Mr. Selipsky said that Amazon customers typically saved 25 percent to 30 percent of costs by using its global cloud network instead of maintaining their own computing systems. Amazon allows its clients to store their information at any of its global data centers.

Mr. Allason, the Shutl founder, said that using Amazon’s cloud services had saved him from having to spend £100,000, or $160,000, to set up an internal computing system. He said he had used the savings to build his business, which aggregates and links delivery orders from British retailers like Argos and Oasis to hundreds of local courier services.

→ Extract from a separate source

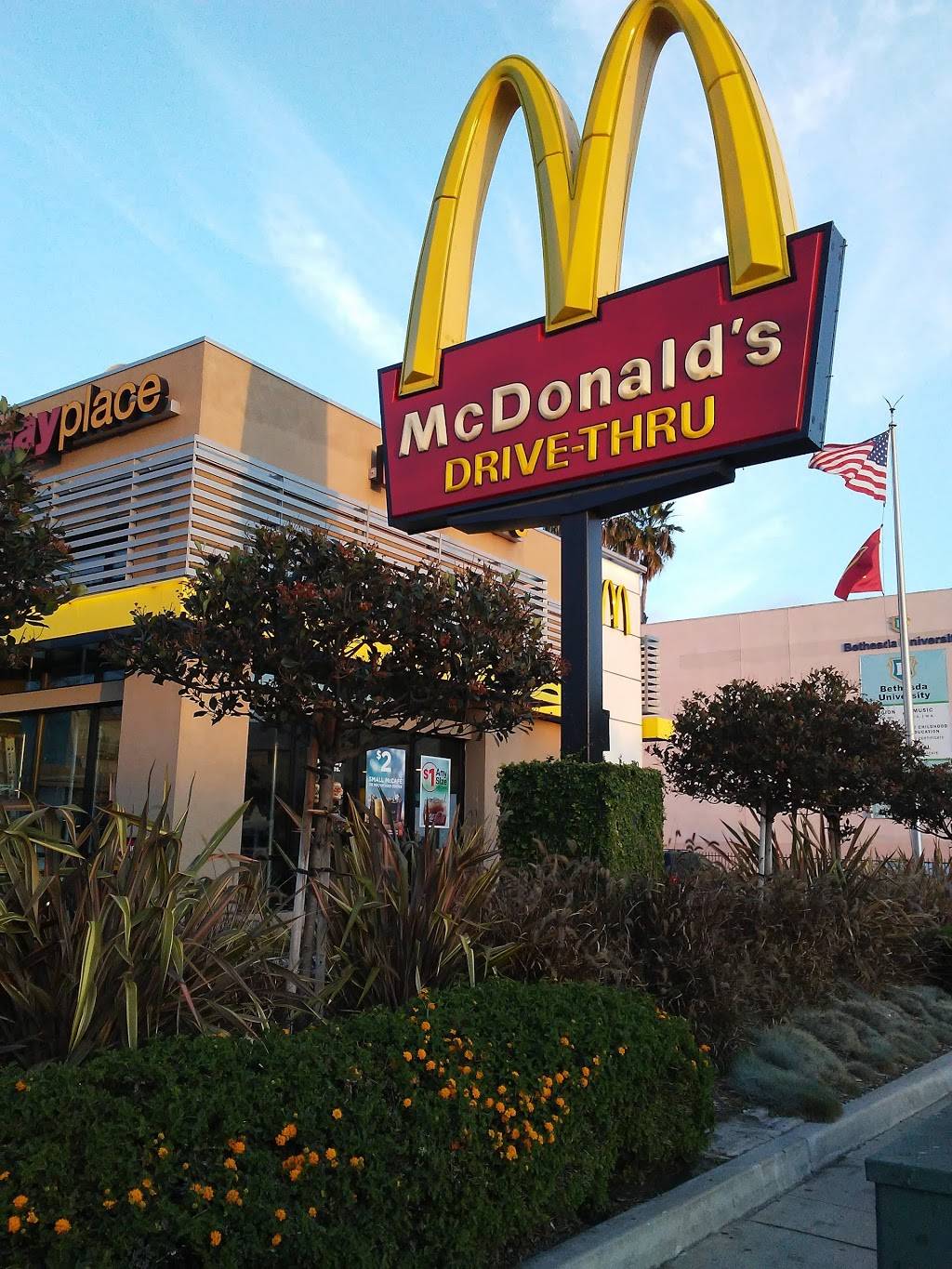 McDonalds | cafe | 740 N Euclid St, Anaheim, CA 92801, USA | 7147767290 OR +1 714-776-7290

Cloud computing could get a lift soon from Brussels, where lawmakers are reviewing the European Union’s data protection directive, which governs how personal information travels within and outside the 27-nation bloc. Viviane Reding, the European commissioner overseeing the revisions, plans to make a proposal this autumn.

Ms. Reding, in an interview, said that businesses and consumers would both benefit from revisions in her proposal, which must be approved by the European Parliament and the Council of Ministers, which is made up of officials designated by each country to represent its interests. The process is not expected to conclude until next year. The Union’s existing data protection directive was adopted in 1995. “The rules are still valid, but the application of the rules must be modified to reflect the realities of the Internet age,” Ms. Reding said.

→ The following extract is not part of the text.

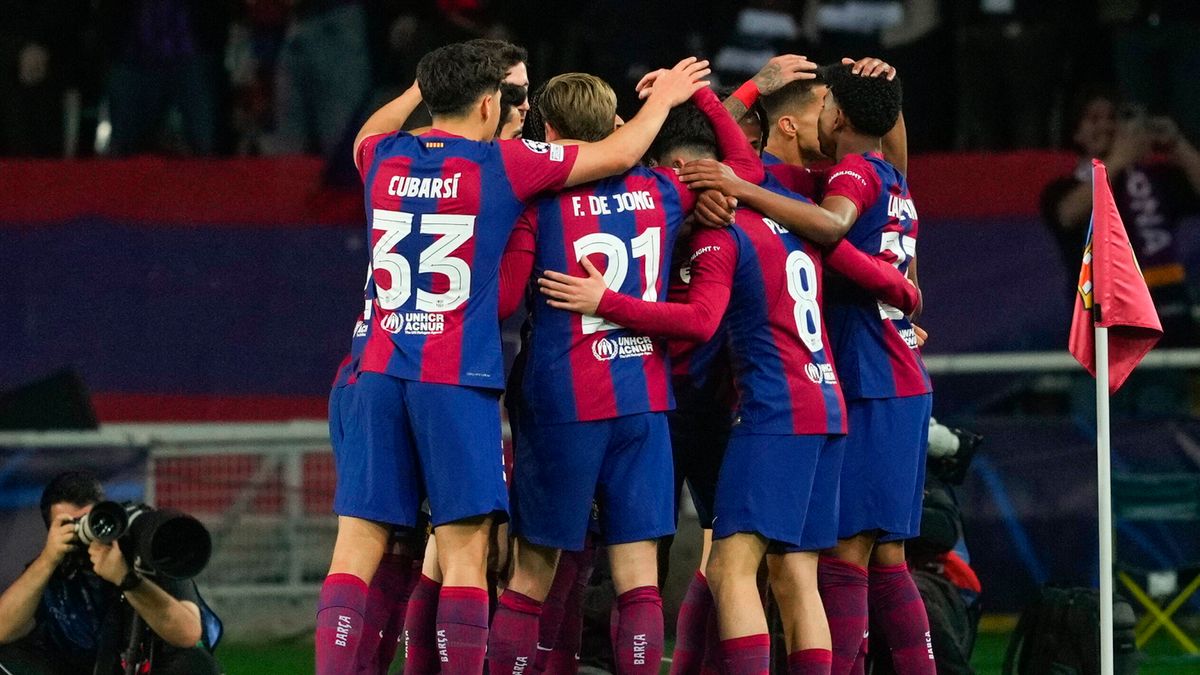 PAP/EPA / Na zdjęciu: radość piłkarzy FC Barcelony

Businesses with a stake in the cloud, which include newcomers like Oracle, Cisco Systems, SAP, Apple and Google, are all lobbying lawmakers to streamline the Continent’s fragmented national data protection laws. In January, Brad Smith, Microsoft’s general counsel, spoke to the lower house of the French Parliament, the National Assembly, urging lawmakers to streamline French law to lower cloud barriers.

Ron Zink, the chief operating officer for E.U. affairs at Microsoft, said businesses needed legal certainty and harmonized rules to expand the sale of cloud services across the bloc. The rules from 1995 are too rigid and inflexible to accommodate the reality of modern data flows, he said. “Cloud computing is a really cost-effective way of getting a lot more computing power and data storage without buying a lot of new equipment yourself,” Mr. Zink said. Microsoft, like Amazon, also operates a data center for European cloud clients in Dublin.

Karl Deacon, the chief technology officer for global services at Capgemini, a London-based company that assists businesses on technology matters, said that Europe needed to revise its data laws to permit more European technology companies to sell cloud services. Most of the major suppliers, Mr. Deacon said, are U.S.-based tech companies.

“The legal landscape is not conducive to cloud computing in Europe,” Mr. Deacon said. “Cloud computing is already dominated by the Western tech firms out of America. There is not much European excellence there.”

Mr. Deacon said standards organizations like the Open Data Center Alliance, a group developing an open-standards platform for cloud data centers, could give European companies a new way to break into the cloud services market.

In the absence of legal reforms, companies like Amazon and Microsoft will continue to set up local data centers to comply with European law, said Ben Pring, an analyst at Gartner in Boston. That may help spur sales locally but could also increase costs by duplicating computing nodes, which will make cloud computing a more expensive proposition in Europe.

A continued prohibition on foreign cloud centers could pose challenges for smaller companies like Newtek Business Services, a New York seller of cloud services under the brand name the Small Business Authority. Yet Barry Sloane, the Newtek chief executive, said he was confident that the cloud model would eventually take hold in Europe.

“The cloud is going to spread globally,” Mr. Sloane said. “The cloud makes sense. It is more cost effective and more efficient as well. The biggest driver today is dollars.”